Un projet situé à Dinard, mais suivi de près à Pleurtuit
Pleurtuit était appelée à se prononcer sur le dossier d’autorisation environnementale lié aux travaux du système d’assainissement de Dinard. Même si la quasi-totalité des travaux concerne la station d’épuration de Dinard et les secteurs de rejet, le sujet touche aussi Pleurtuit, car certains ouvrages et flux d’eaux usées concernent le territoire communal.
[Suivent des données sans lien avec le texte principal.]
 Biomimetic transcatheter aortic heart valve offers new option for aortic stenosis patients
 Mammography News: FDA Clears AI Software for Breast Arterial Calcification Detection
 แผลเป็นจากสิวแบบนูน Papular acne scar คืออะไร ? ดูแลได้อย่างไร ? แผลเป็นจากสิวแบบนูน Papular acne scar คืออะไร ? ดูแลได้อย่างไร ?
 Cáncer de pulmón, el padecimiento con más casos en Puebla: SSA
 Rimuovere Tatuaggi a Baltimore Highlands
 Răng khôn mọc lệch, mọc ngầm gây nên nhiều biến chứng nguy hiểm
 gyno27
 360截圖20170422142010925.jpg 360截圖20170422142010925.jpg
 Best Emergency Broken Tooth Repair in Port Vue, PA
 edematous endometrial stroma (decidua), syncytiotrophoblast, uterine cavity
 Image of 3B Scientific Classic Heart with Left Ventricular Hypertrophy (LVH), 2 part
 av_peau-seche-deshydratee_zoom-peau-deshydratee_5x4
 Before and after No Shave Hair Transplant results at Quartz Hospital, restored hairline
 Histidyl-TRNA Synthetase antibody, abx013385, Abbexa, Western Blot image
Le dossier prévoit notamment des interventions sur les réseaux unitaires, qui mélangent eaux usées et eaux de pluie, afin d’aller vers un double réseau séparé. Un diagnostic doit aussi être mené pour réduire les eaux parasites, ces eaux indésirables qui entrent dans les canalisations et peuvent saturer les équipements. Cette décision stratégique a été prise lors d'un conseil municipal afin de garantir la pérennité des infrastructures locales.
Des questions sur le financement et les impacts
Fabienne Derondier a interrogé la municipalité sur l’impact financier du projet pour Pleurtuit et sur le rôle éventuel de la régie d’assainissement du secteur. Hélène Reux a répondu que Dinard et la régie d’assainissement relevaient de deux entités distinctes : Dinard finance ses propres travaux, tandis que la convention existante organise les redevances sans faire financer les travaux dinardais par la régie.
Alain Barbé a confirmé qu’il ne s’agissait pas pour Pleurtuit de payer la station d’épuration de Dinard. Les politiques publiques d'assainissement encadrent strictement le traitement des effluents et le financement de projets locaux reste un sujet sensible, car il faut s’assurer que les effluents supplémentaires liés aux futurs projets hôteliers et tertiaires de la zone d’aménagement concerté soient bien pris en compte dans les études d’impact.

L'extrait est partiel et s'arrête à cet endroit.